Publication year - 2020
Publication title -
alzheimer's and dementia
Language(s) - English
Resource type - Journals
SCImago Journal Rank - 6.713
H-Index - 118
eISSN - 1552-5279
pISSN - 1552-5260
DOI - 10.1002/alz.038468
Subject(s) - systemic inflammation , inflammation , cerebrospinal fluid , glutamate receptor , medicine , cognitive decline , context (archaeology) , sepsis , central nervous system , hypermetabolism , proinflammatory cytokine , hippocampus , hippocampal formation , pathology , endocrinology , biology , dementia , disease , paleontology , receptor
Background Severe systemic inflammation can spread to the central nervous system, promoting neuronal dysfunction. Individuals who survive to a severe inflammatory episode, have greater chances to develop cognitive impairment. In this context, brain inflammatory changes have been considered a risk factor for Alzheimer’s disease (AD). We previously demonstrated, a significant [ 18 F]FDG hypometabolism 24 h after the induction of severe systemic inflammation by cecal ligation and perforation (CLP), a sepsis model. However, whether severe systemic inflammation causes long‐term effects on brain energy metabolism remains unclear. Here, we aim at Investigating persistent consequences of a severe systemic inflammatory episode on brain energy metabolism. We hypothesized that brain energetic metabolism does not completely recover from a systemic inflammatory episode, which could be a trigger for neurodegeneration.

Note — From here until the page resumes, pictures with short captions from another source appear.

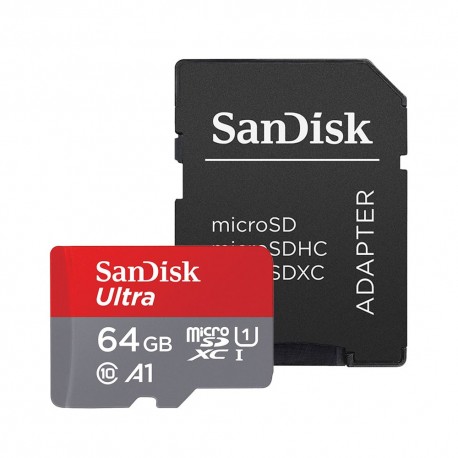 Sandisk Tarjeta Ultra MSD con adaptador A1 64GB Negro - Envío Gratuito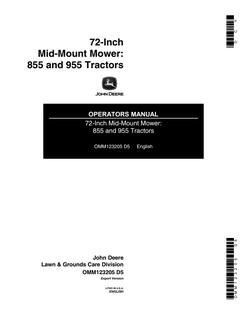 John Deere 72-Inch Mid-Mount Mower for 855 and 955 Tractors Export Version Mower Operator manual OMM123205 — actual manual cover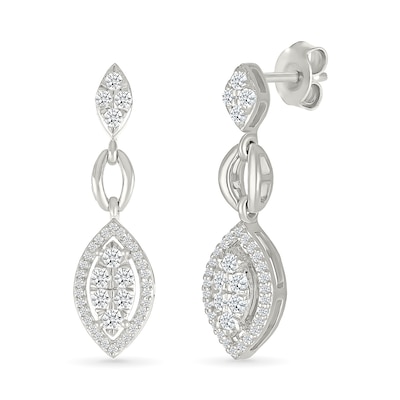 0.58 CT. T.W. Multi-Diamond Marquise Frame Drop Earrings and Pendant Set in 10K White Gold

Method Wistar rats (90 days old) were submitted to CLP and, examined in vivo via Micro‐PET [ 18 F]FDG imaging 30 days later. Albumin and cellularity in the cerebrospinal fluid (CSF) were assessed by HPLC and flow cytometry, respectively, as an index of blood brain barrier (BBB) integrity. HPLC was also used for evaluating glutamate levels in CSF and glutamate uptake was evaluated in hippocampal and cortical slices using a radioactive assay. Result We found a persistent brain [ 18 F]FDG hypometabolism in the CLP group. A 4‐fold increase in albumin levels was observed, along with a prominent increase in cellularity in the CSF of CLP animals. Additionally, decreased glutamate uptake in cortex (32%) and hippocampus (16%) along with increased levels of glutamate in CSF was found in the CLP group (Figure 1). Conclusion These results that an episode of severe systemic inflammatory causes persistent brain metabolic disturbances and BBB damage. It is very likely that the long period of BBB disruption, allowing for communication between peripheral mediators/cells and the brain, compromises brain energy metabolism. Together, these findings suggest a link between peripheral inflammation and neurodegeneration.